● **Task to carry out**: Please return each of the entries that follow, unchanged in every word.

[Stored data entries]
= = = = =
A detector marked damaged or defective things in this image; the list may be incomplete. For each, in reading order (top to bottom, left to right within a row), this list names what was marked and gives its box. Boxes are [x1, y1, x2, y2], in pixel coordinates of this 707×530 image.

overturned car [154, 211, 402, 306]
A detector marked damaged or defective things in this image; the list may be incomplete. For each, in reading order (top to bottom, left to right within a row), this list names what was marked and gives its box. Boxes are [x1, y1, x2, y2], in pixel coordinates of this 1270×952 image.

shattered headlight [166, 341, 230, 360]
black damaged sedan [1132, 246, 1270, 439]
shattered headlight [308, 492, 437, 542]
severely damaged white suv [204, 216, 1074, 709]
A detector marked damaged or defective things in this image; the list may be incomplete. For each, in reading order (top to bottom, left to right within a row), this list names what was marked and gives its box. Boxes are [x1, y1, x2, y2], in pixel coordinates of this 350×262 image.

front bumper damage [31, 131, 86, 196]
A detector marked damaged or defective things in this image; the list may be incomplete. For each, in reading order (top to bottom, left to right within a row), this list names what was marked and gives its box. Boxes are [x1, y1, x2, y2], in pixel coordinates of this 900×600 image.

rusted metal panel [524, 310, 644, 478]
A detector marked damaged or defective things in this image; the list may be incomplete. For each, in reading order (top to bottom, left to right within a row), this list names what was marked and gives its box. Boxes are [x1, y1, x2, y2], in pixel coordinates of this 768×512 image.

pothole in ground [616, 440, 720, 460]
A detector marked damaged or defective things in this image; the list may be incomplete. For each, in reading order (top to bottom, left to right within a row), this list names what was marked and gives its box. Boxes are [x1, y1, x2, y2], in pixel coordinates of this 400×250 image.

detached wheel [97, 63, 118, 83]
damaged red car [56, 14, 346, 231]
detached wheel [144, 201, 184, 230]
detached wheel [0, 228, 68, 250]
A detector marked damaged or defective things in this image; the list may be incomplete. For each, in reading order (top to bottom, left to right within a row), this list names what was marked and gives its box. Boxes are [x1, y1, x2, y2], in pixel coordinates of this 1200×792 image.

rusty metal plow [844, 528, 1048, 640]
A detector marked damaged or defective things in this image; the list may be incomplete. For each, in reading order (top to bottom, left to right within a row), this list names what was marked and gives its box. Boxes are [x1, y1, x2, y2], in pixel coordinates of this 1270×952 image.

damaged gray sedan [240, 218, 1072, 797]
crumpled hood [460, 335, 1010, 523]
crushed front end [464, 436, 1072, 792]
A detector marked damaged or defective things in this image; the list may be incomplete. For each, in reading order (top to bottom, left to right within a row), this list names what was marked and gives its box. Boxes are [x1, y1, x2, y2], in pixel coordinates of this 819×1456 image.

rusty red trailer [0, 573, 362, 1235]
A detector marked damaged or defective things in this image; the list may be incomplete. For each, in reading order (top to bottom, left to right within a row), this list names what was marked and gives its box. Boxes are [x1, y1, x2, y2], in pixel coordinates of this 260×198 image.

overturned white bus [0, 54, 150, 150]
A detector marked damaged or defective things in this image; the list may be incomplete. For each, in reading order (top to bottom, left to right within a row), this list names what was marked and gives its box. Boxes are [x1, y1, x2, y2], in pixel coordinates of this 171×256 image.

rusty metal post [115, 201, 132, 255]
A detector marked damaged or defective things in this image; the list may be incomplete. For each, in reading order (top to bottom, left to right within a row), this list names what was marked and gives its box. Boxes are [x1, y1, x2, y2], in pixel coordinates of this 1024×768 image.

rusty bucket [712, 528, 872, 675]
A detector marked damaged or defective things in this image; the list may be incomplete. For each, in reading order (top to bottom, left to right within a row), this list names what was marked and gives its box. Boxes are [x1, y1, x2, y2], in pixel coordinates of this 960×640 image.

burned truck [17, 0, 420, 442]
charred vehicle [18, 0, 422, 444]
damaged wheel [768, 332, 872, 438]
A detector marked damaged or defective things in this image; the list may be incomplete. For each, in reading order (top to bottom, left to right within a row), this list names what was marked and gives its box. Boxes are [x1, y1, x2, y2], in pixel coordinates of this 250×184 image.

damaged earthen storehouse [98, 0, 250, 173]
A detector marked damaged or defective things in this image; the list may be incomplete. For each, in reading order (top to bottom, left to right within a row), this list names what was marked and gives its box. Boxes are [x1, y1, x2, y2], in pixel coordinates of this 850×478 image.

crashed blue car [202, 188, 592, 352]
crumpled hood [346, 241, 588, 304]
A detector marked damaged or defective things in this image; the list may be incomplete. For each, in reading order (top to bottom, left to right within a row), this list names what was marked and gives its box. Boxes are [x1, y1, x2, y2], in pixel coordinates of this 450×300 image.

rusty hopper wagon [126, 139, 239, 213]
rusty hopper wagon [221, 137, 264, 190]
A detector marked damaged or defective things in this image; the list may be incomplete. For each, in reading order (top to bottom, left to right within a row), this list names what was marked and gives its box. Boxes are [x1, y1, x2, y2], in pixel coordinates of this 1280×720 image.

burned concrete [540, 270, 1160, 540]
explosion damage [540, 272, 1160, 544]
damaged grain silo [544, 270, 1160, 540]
= = = = =
● **Task result**:
A detector marked damaged or defective things in this image; the list may be incomplete. For each, in reading order (top to bottom, left to right within a row), this list names what was marked and gives its box. Boxes are [x1, y1, x2, y2], in pixel coordinates of this 707×530 image.

overturned car [154, 211, 402, 306]
A detector marked damaged or defective things in this image; the list may be incomplete. For each, in reading order (top to bottom, left to right within a row), this list names what was marked and gives its box. Boxes are [x1, y1, x2, y2], in pixel coordinates of this 1270×952 image.

shattered headlight [166, 341, 230, 360]
black damaged sedan [1132, 246, 1270, 439]
shattered headlight [308, 492, 437, 542]
severely damaged white suv [204, 216, 1074, 709]
A detector marked damaged or defective things in this image; the list may be incomplete. For each, in reading order (top to bottom, left to right within a row), this list names what was marked and gives its box. Boxes are [x1, y1, x2, y2], in pixel coordinates of this 350×262 image.

front bumper damage [31, 131, 86, 196]
A detector marked damaged or defective things in this image; the list may be incomplete. For each, in reading order (top to bottom, left to right within a row), this list names what was marked and gives its box. Boxes are [x1, y1, x2, y2], in pixel coordinates of this 900×600 image.

rusted metal panel [524, 310, 644, 478]
A detector marked damaged or defective things in this image; the list may be incomplete. For each, in reading order (top to bottom, left to right within a row), this list names what was marked and gives its box. Boxes are [x1, y1, x2, y2], in pixel coordinates of this 768×512 image.

pothole in ground [616, 440, 720, 460]
A detector marked damaged or defective things in this image; the list may be incomplete. For each, in reading order (top to bottom, left to right within a row), this list names what was marked and gives its box. Boxes are [x1, y1, x2, y2], in pixel coordinates of this 400×250 image.

detached wheel [97, 63, 118, 83]
damaged red car [56, 14, 346, 231]
detached wheel [144, 201, 184, 230]
detached wheel [0, 228, 68, 250]
A detector marked damaged or defective things in this image; the list may be incomplete. For each, in reading order (top to bottom, left to right within a row), this list names what was marked and gives its box. Boxes are [x1, y1, x2, y2], in pixel coordinates of this 1200×792 image.

rusty metal plow [844, 528, 1048, 640]
A detector marked damaged or defective things in this image; the list may be incomplete. For each, in reading order (top to bottom, left to right within a row), this list names what was marked and gives its box. Boxes are [x1, y1, x2, y2], in pixel coordinates of this 1270×952 image.

damaged gray sedan [240, 218, 1072, 797]
crumpled hood [460, 335, 1010, 523]
crushed front end [464, 436, 1072, 792]
A detector marked damaged or defective things in this image; the list may be incomplete. For each, in reading order (top to bottom, left to right within a row), this list names what was marked and gives its box. Boxes are [x1, y1, x2, y2], in pixel coordinates of this 819×1456 image.

rusty red trailer [0, 573, 362, 1235]
A detector marked damaged or defective things in this image; the list may be incomplete. For each, in reading order (top to bottom, left to right within a row), this list names what was marked and gives its box. Boxes are [x1, y1, x2, y2], in pixel coordinates of this 260×198 image.

overturned white bus [0, 54, 150, 150]
A detector marked damaged or defective things in this image; the list may be incomplete. For each, in reading order (top to bottom, left to right within a row), this list names what was marked and gives its box. Boxes are [x1, y1, x2, y2], in pixel coordinates of this 171×256 image.

rusty metal post [115, 201, 132, 255]
A detector marked damaged or defective things in this image; the list may be incomplete. For each, in reading order (top to bottom, left to right within a row), this list names what was marked and gives its box. Boxes are [x1, y1, x2, y2], in pixel coordinates of this 1024×768 image.

rusty bucket [712, 528, 872, 675]
A detector marked damaged or defective things in this image; the list may be incomplete. For each, in reading order (top to bottom, left to right within a row), this list names what was marked and gives its box. Boxes are [x1, y1, x2, y2], in pixel coordinates of this 960×640 image.

burned truck [17, 0, 420, 442]
charred vehicle [18, 0, 422, 444]
damaged wheel [768, 332, 872, 438]
A detector marked damaged or defective things in this image; the list may be incomplete. For each, in reading order (top to bottom, left to right within a row), this list names what was marked and gives its box. Boxes are [x1, y1, x2, y2], in pixel coordinates of this 250×184 image.

damaged earthen storehouse [98, 0, 250, 173]
A detector marked damaged or defective things in this image; the list may be incomplete. For each, in reading order (top to bottom, left to right within a row), this list names what was marked and gives its box. Boxes are [x1, y1, x2, y2], in pixel coordinates of this 850×478 image.

crashed blue car [202, 188, 592, 352]
crumpled hood [346, 241, 588, 304]
A detector marked damaged or defective things in this image; the list may be incomplete. For each, in reading order (top to bottom, left to right within a row), this list names what was marked and gives its box. Boxes are [x1, y1, x2, y2], in pixel coordinates of this 450×300 image.

rusty hopper wagon [126, 139, 239, 213]
rusty hopper wagon [221, 137, 264, 190]
A detector marked damaged or defective things in this image; the list may be incomplete. For each, in reading order (top to bottom, left to right within a row), this list names what was marked and gives its box. Boxes are [x1, y1, x2, y2], in pixel coordinates of this 1280×720 image.

burned concrete [540, 270, 1160, 540]
explosion damage [540, 272, 1160, 544]
damaged grain silo [544, 270, 1160, 540]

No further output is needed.